Re: sparse polynomial arithmetic
- From: bluescarni <bluescarni@xxxxxxxxx>
- Date: Wed, 9 Apr 2008 13:00:44 -0700 (PDT)
Hi Roman,
I'm in a bit of a hurry these days, sorry for replying just now.
On Apr 9, 1:46 am, Roman Pearce <rpear...@xxxxxxxxx> wrote:
This is much faster than Trip. That is quite impressive. Do you have
a 64-bit Linux binary I can download ? I can't install git on a 64-
bit machine.
You can get a tarball of the code from the gitweb interface:
http://git.tuxfamily.org/?p=gitroot/piranha/main.git;a=shortlog;h=recursive_series
(just click on the "Snapshot" link from the latest commit). Build
instructions here:
http://piranha.tuxfamily.org/index.php5?title=Installation
Note that the build instructions deal with the Python bindings, which
are not functional for now. You can run the tests mentioned above by
enabling the BUILD_TESTS option (and _just_ that option!) in CMake and
then running them from within the "tests" directory.
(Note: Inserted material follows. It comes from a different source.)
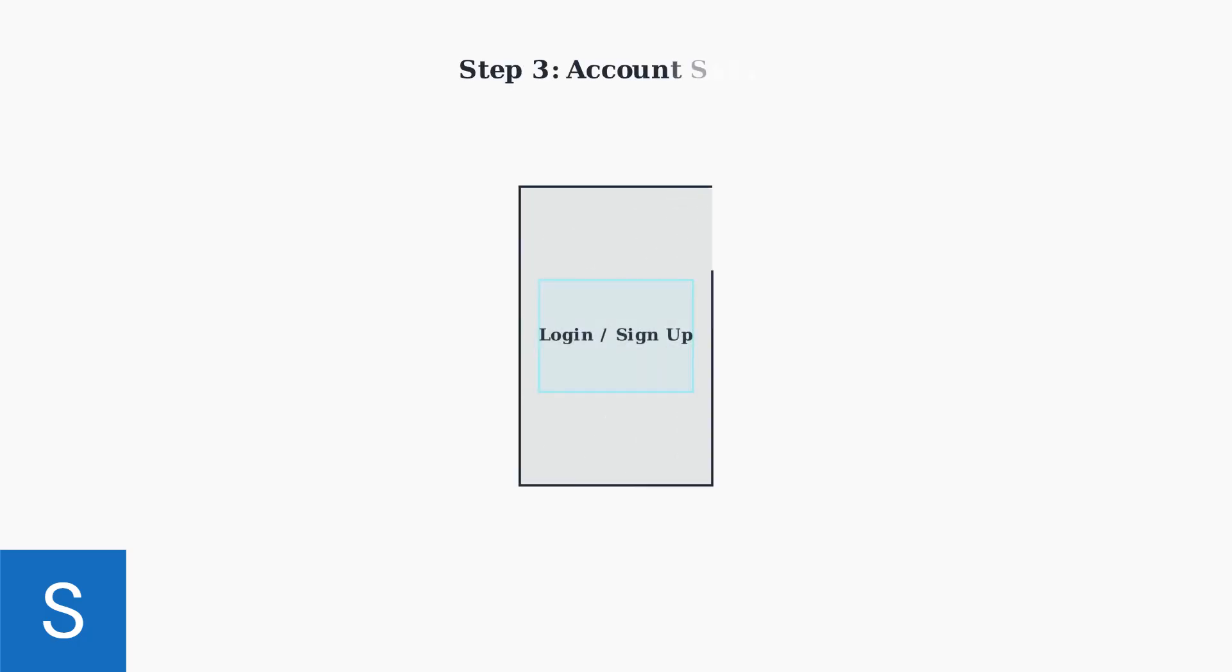Open the app and create a new Philips account or log into your existing account. This will sync your brushing data across devices.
Please let me
know if you need further directions.
I can also provide binaries of the tests, but they link to quite a new
version of libstdc++ (GCC 4.3.0), so I don't know if they can be
useful to you.
Example 2: Fateman's benchmark, GMP mpz coefficients (16-bit integer
exponents)
f := (1+x+y+z+t)^30;
g := f+1;
multiply p := f*g;
real 6m44.520s
user 6m39.926s
sys 0m4.401s
This takes too long compared to the time for double precision.
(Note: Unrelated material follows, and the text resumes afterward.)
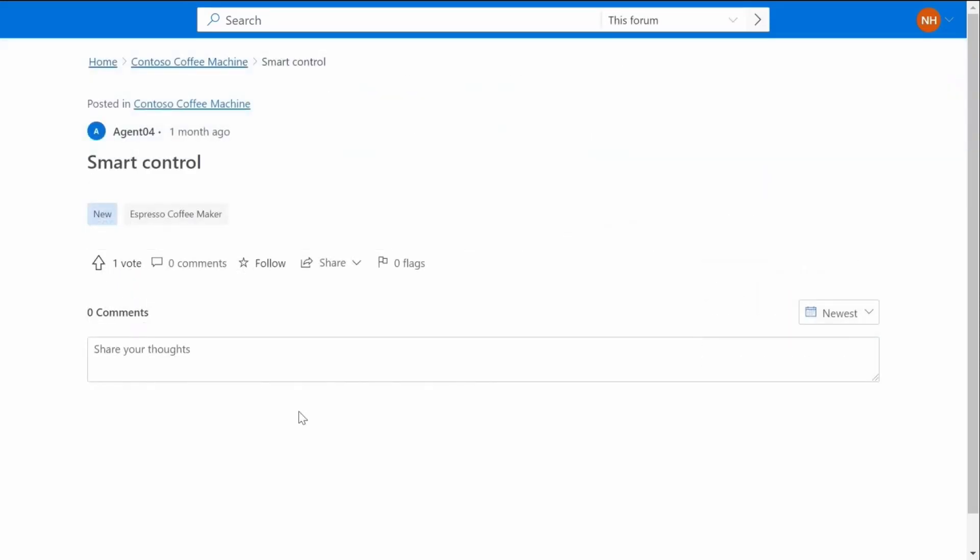For example, in this demo a customer service agent has created a feature ask on behalf of a customer who is interested in controlling their coffee machine with a smartphone. The agent then shares the new idea URL in chat.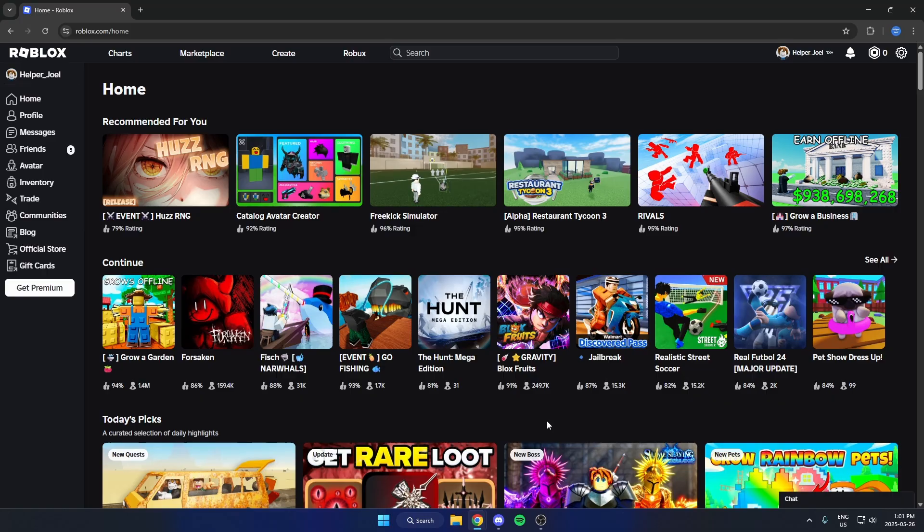First go to roblox.com and once you're here, go up to the top and click on create.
Something is off. Are you using mpz_addmul ? You are merging
everything in a Boost hash table ? What is in the table ?
Thanks for pointing that out! I believed the C++ bindings for GMP
automatically enabled FMA when composing arithmetic operations, but
after a quick search on Google it seems I was wrong. Using mpz_addmul
I get the following time:
real 3m12.544s
user 3m9.239s
sys 0m1.198s
More than 50% off :)
That's too bad, but 10 variables is a lot. Try an 8 variable version:
9276 x 13073 = 2285257 terms
f := x1*x2+x1*x8+x2*x3+x3*x4+x4*x5+x5*x6+x6*x7+x7*x8
+x1+x2+x3+x4+x5+x6+x7+x8+1;
g := x1^2+x2^2+x3^2+x4^2+x5^2+x6^2+x7^2+x8^2
+x1+x2+x3+x4+x5+x6+x7+x8+1;
multiply p := f*g and divide q := p/f;
My times are 5.5 and 5.9 sec on a 2.4 GHz Core 2 Duo 6600.
Thanks for the suggestion of this benchmark. I'll try it in the next
days as soon as possible, and I'll report back here.
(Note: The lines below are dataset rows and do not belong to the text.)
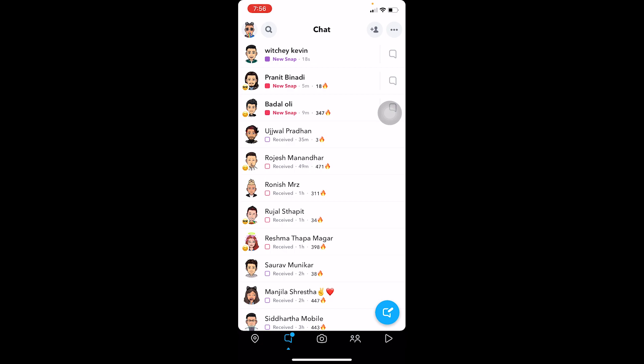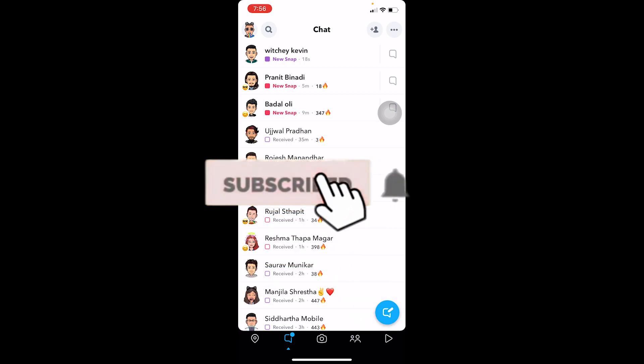Before I show you how to do that, if you guys are new to our channel One to Step, don't forget to hit the like button and subscribe to our channel with notifications on.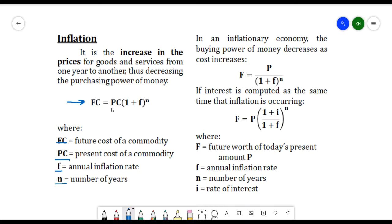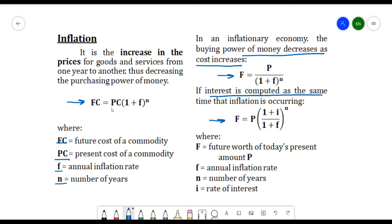In an inflationary economy, the buying power of money decreases as cost increases. If the buying power of money decreases and the cost increases, you can use the formula: F equals P divided by (1 plus f) raised to n. But if interest is computed at the same time that inflation is occurring, we use: F equals P times (1 plus i) all over (1 plus f) raised to n, where F is the future worth of today's present amount P, f is the annual inflation rate, n is number of years, and i is the rate of interest.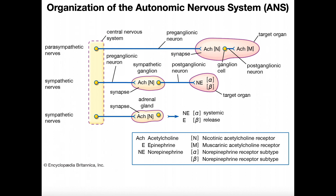With the autonomic nervous system, we have preganglionic neurons and postganglionic neurons. With the postganglionic neuron, for all of these systems — parasympathetic and sympathetic — the postganglionic neuron functions differently. There's variation in the postganglionic neuron. However, the preganglionic neuron is always the same, regardless of whether it's parasympathetic or sympathetic. It is always going to release the same neurotransmitter, and that's going to be acetylcholine.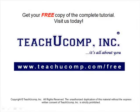Get your free copy of the complete tutorial at www.teachucomp.com forward slash free.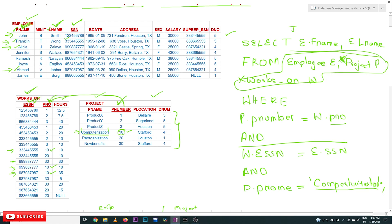In future classes we will understand how to write queries using subqueries. This is all about writing queries on multiple tables. Hope you got clarity on this concept. Thanks for watching. Please subscribe to our channel, press the bell icon for updates, post any doubts in the comments, like the video if it was helpful, and share it with friends.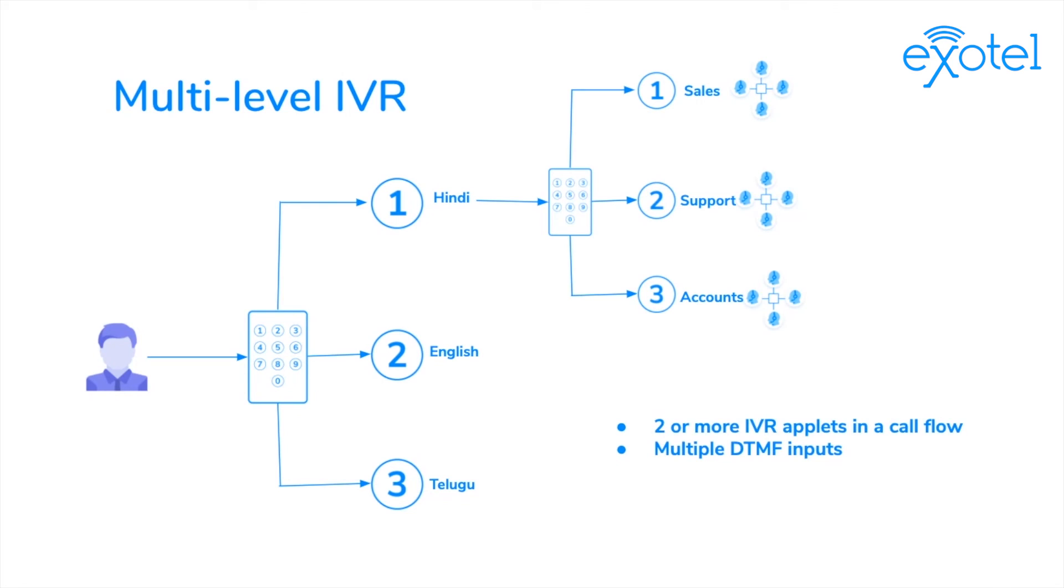This is a multi-level IVR system. It has two or more IVR applets in a single call flow. Here, they ask you for more than one input.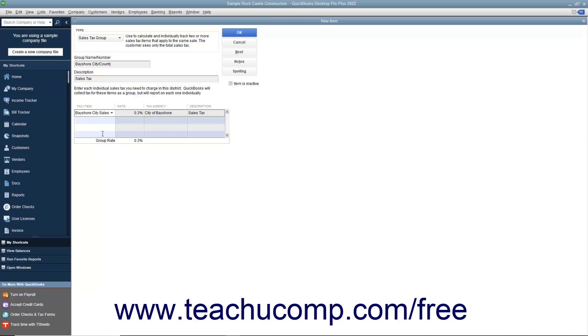You can then click into the next row of the Tax Item column and select the next sales tax item that will be collected as part of this group.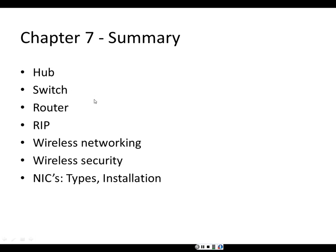Chapter 7 summary: in this chapter we discussed what a hub is, what a switch is, what a router is, and what RIP (the Routing Information Protocol) is. We discussed wireless networking, wireless security, different types of network interface cards, and network interface card installation. This concludes Chapter 7. Thank you very much, and have a nice day.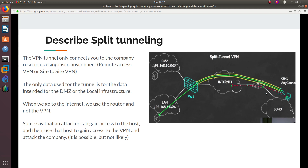This is basically like an AP configured right here. We go to company data and resources through the VPN tunnel, and to the internet we do not use the tunnel — we just go straight out to the AP and router wherever you are located. The only data used for the tunnel is for data intended for the DMZ or local infrastructure. Some say an attacker can gain access to the host and use that host to attack the company through the VPN, but if you have two-factor authentication set up with Cisco AnyConnect, there's not really a risk.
Regarding the poor performance of the last two tests, I should
probably mention that memory constraints don't permit to use the
fastest algorithm
What are the different algorithms ?
Essentially they are applications of the Kronecker trick. I.e., a
mapping between the vector space of exponents vectors and Z. For
instance, 3-variables up to degree 3:
x y z code
0 0 0 0
0 0 1 1
0 0 2 2
0 0 3 3
0 1 0 4
0 1 1 5
0 1 2 6
0 1 3 7
.....
Remaining within the boundaries of this representation (which are
established with a O(n) analysis of the exponents), you can:
1) do arithmetics directly on codes
2) use the codes either as
a) indices in an array (fast, memory hungry)
b) perfect hash values in a hash set (slower, memory saving).
The algorithm first checks if the exponents of the polynomials to be
multiplied and of the result of the multiplication can fit in a coded
representation where the integer codes can be represented as hardware
integers. If this is not the case, a slow term by term multiplication
is performed using an hash table for the accumulation of monomials
(using a generic hash function). If the coded representation is
suitable, then the algorithm tries to allocate the memory needed to
represent the polynomials as arrays of coefficients in which the index
of each coefficient implicitly gives the code of the monomial. This is
the fastest algorithm. If there is not so much memory available and
the allocation hence fails, the codes are used as perfect hash values
in a hash table instead (which is slower, but can still take advantage
of doing arithmetics directly on codes instead of exponent-by-
exponent).
With 64-bit integers, it is possible to use the coded representation
in a wide class of real-world use cases.
Please note that Piranha is still in heavy development
Of course :) It looks like an interesting system. Thanks for showing
it.
Thanks very much for your observations and for your help! I'll reply
here when I have additional results.
With kind regards,
Francesco Biscani.
.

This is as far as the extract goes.